15. Col utérin, papillomavirus et cancer
A.-I. Richet
Ma pratique de gynécologue, mais surtout de colposcopiste, m’a permis de m’interroger sur les différentes réactions des patientes à la présence de ce virus, mais également aux réponses que nous pouvons leur apporter et à toutes les interrogations qui persistent.
L’infection à HPV du col utérin est la plus fréquente des maladies sexuellement transmises de la femme. Si elle n’est pas dépistée à temps, elle peut être responsable des cancers du col (3380 cancers du col survenus en France en 2000) et de décès (environ 1000 ; Anaes, 2004).
Développement du papillomavirus et cheminement du cancer
Le HPV est un petit virus à ADN sans enveloppe, avec une capside et constitué de 80 paires de bases sur un double brin d’ADN portant 8 gènes en 3 régions E, L et LRR. La protéine L permet, par autoassemblage, la fabrication des VPL (virus particle like), constituant les vaccins anti-HPV.
On connaît une centaine d’HPV dans l’espèce humaine. Ils se répartissent grossièrement en deux groupes :
– groupe non agressif : principalement 6, 11, 42, 43, 44 ;
– groupe potentiellement oncogène : 16, 18 (pour 70 à 80 % des lésions de haut grade) 31, 33, 35, 39, 45, 51, 52, 56, 58, 59, 68, et d’autres (Bergeron et al., 1992).
Si les HPV à haut risque sont responsables des lésions de haut grade, on les retrouve aussi dans plus de 50 % des lésions de bas grade (CIN I).
L’infection à HPV survient souvent au début de la vie sexuelle, lors des tout premiers rapports quand l’immunité du col et probablement aussi les défenses de la glaire cervicale sont insuffisantes.
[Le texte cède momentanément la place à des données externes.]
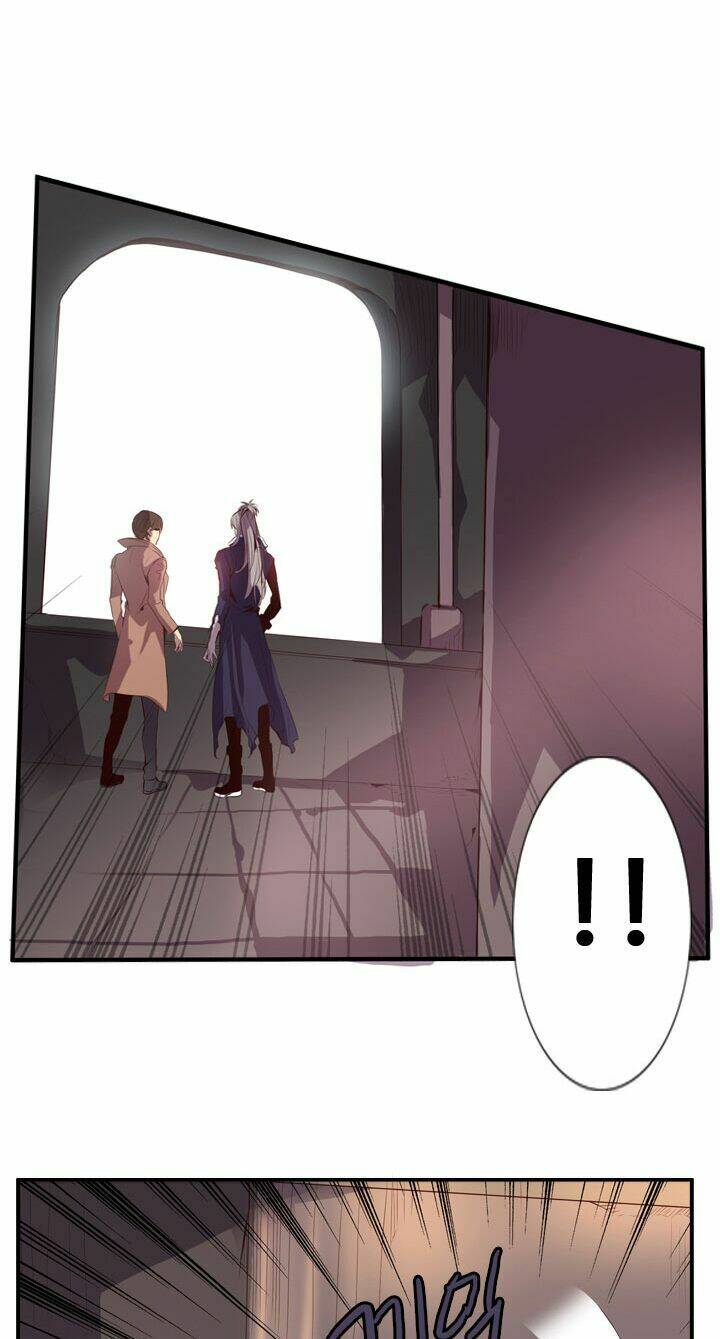 dusk howler chapter 39 6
Près de 80 % des femmes seraient infectées par ce virus avant l’âge de 30 ans. Seul un petit nombre d’entre elles garderont ce virus dans leurs cellules cervicales, virus susceptible d’altérer le cycle cellulaire en faisant pénétrer son ADN dans le noyau des cellules. On peut donc considérer que, plutôt que la présence d’un HPV à haut risque chez une femme, c’est sa persistance après l’âge de 25 ans qui peut poser un problème.
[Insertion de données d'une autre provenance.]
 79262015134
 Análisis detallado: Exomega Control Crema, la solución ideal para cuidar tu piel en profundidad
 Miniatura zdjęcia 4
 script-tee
Une fois le virus intégré, il entraîne un certain nombre de modifications cellulaires mais également architecturales du tissu cervical, tout en respectant au début la membrane basale, signe de la non-invasion des lésions, jusqu’à la survenue tardive d’un cancer après 10 à 15 ans d’évolution sans traitement. Ces notions, compliquées pour les médecins, sont abstraites pour les patientes et d’autant plus difficiles à transmettre.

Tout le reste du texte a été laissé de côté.